Who wouldn't pick up if they got a call from Nick Blais, Colin Doyle (The Flick), Francis Melling (Hand to God), Anand Rajaram (Buffoon, Mustard, Stupefaction), or Sebastien Heins (Bang Bang, Brotherhood: The Hip Hopera)? SummerWorks will tragically not be able to offer their slate of intriguing experiments and adventures, but they are teaming up with Outside the March (The Flick, The Tape Escape, Mr Burns, a Post-Electric Play) to present The Ministry of Mundane Mysteries. The first mystery is just what the production is, the press release explains it as a "customized improvised narrative experience unfolding over a week’s worth of short daily phone calls, as our intrepid private investigators delve into your very own micro mystery using the investigative power of good conversation."
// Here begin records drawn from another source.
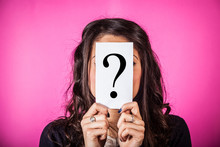 Doubtful Woman Holding Question Mark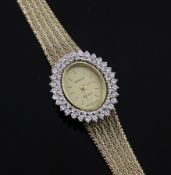 A lady`s Swiss 14ct gold and diamond set quartz wrist watch, the oval dial with baton numerals and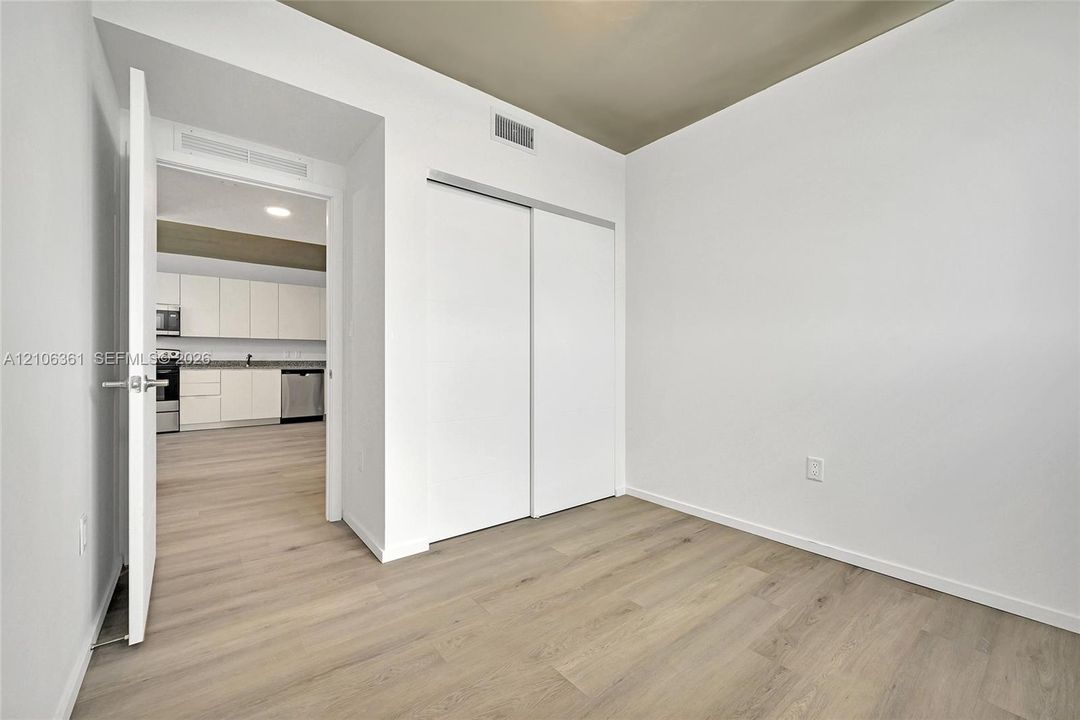 Interior space featuring wood-finish flooring, sliding door closet, and a neutral color palette
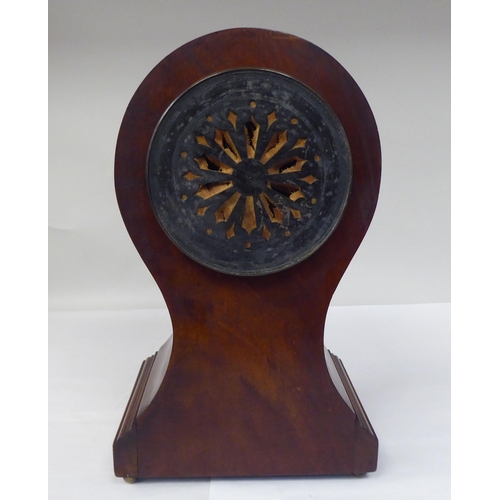 122 - A late Victorian/Edwardian string inlaid mahogany balloon cased mantel clock; the gong strike moveme... 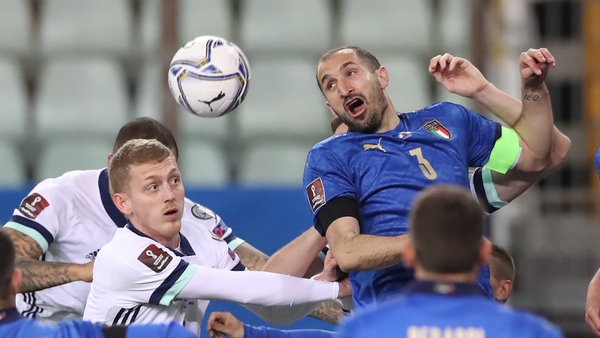 Giorgio Chiellini of Italy and George Saville battle for possession during the meeting in March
However it works, 'the game's afoot!' with assistance available from "The Misplaced Keepsakes Division," "The Striking Coincidences Think Tank," "The Missed Connections Unit," and "The Paranormal Activity Task Force," all staffed with some of Toronto's best theatrical talent and the mad geniuses that form Outside the March. Bookings with The Ministry and more information at summerworks.ca and outsidethemarch.ca.
The summer won't be a total loss with the internet bringing all the festivals and Pride directly to your home. It won't be the same but it will still be a summer of festivals. Festivals in your home.